The human climate niche
Xu et al. 2020
https://doi.org/10.1073/pnas.1910114117
All species have an environmental niche, and despite technological advances, humans are unlikely to be an exception. Here, we demonstrate that for millennia, human populations have resided in the same narrow part of the climatic envelope available on the globe, characterized by a major mode around ∼11 °C to 15 °C mean annual temperature (MAT). Supporting the fundamental nature of this temperature niche, current production of crops and livestock is largely limited to the same conditions, and the same optimum has been found for agricultural and nonagricultural economic output of countries through analyses of year-to-year variation.
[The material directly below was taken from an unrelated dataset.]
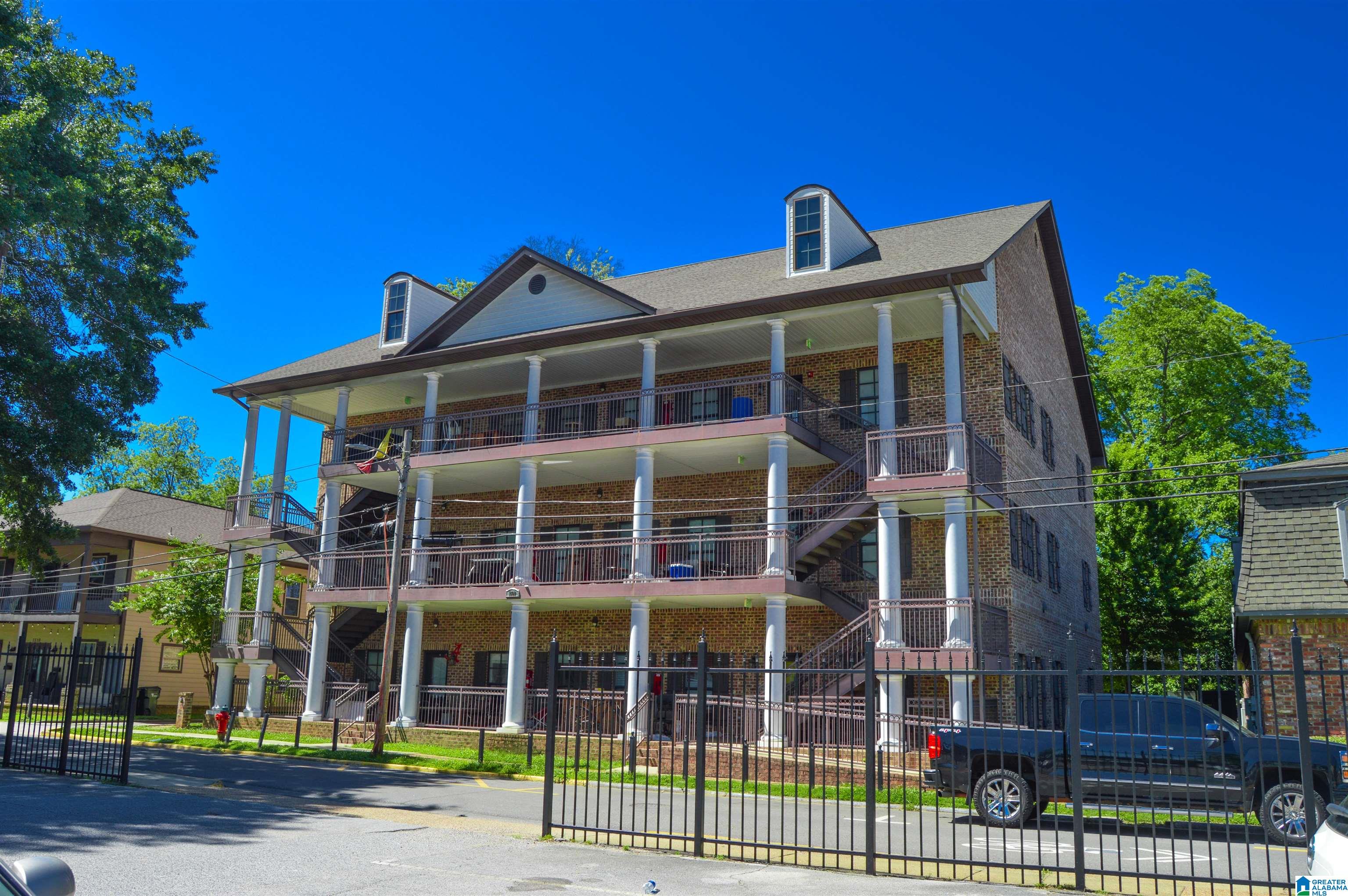 1506 8TH STREET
We show that in a business-as-usual climate change scenario, the geographical position of this temperature niche is projected to shift more over the coming 50 y than it has moved since 6000 BP. Populations will not simply track the shifting climate, as adaptation in situ may address some of the challenges, and many other factors affect decisions to migrate. Nevertheless, in the absence of migration, one third of the global population is projected to experience a MAT >29 °C currently found in only 0.8% of the Earth’s land surface, mostly concentrated in the Sahara. As the potentially most affected regions are among the poorest in the world, where adaptive capacity is low, enhancing human development in those areas should be a priority alongside climate mitigation.
Lenton et al. 2023
https://doi.org/10.1038/s41893-023-01132-6
The mechanisms behind the niche
The human climate niche is shaped by direct effects of climate on us and indirect effects on the species and resources that sustain or afflict us. Direct climate effects include health impacts and changes in behaviour. Human perceptions of thermal comfort evolved to keep us near optimal conditions of 22–26 °C, with well-being declining above 28 °C. Behavioural changes include altering clothing, changing environment (including to indoor environments) and altering work patterns. These can buffer individual exposure to temperature extremes but still affect collective well-being via effects on work. Sometimes uncomfortable conditions are unavoidable. High temperatures can decrease labour productivity, cognitive performance and learning21, produce adverse pregnancy outcomes, and increase mortality. Exposure to temperatures >40 °C can be lethal, and lethal temperature decreases as humidity increases.
Current situation
9 ± 1% of the global population have been exposed outside the niche due to temperature change alone and 10 ± 1% from temperature plus demographic change. Thus, global warming of 0.7 °C since 1960–1990 has put 624 ± 70 million people in less favourable temperature conditions, with demographic change adding another 77 million.
Future exposure
Hot exposure becomes significant by 2030 at 4 ± 2% or 0.3 ± 0.1 billion as global warming reaches 1.5 °C, and it increases near linearly to 23 ± 9% or 2.1 ± 0.8 billion in 2090 under 2.7 °C global warming. The number of people left outside the niche due to temperature change alone reaches 14 ± 3% or 1.2 ± 0.2 billion by 2030, more than doubling to 29 ± 5% or 2.7 ± 0.5 billion in 2090. The number of people left outside the niche from temperature plus demographic change reaches 25 ± 2% or 2.0 ± 0.2 billion by 2030, and 40 ± 4% or 3.7 ± 0.4 billion by 2090.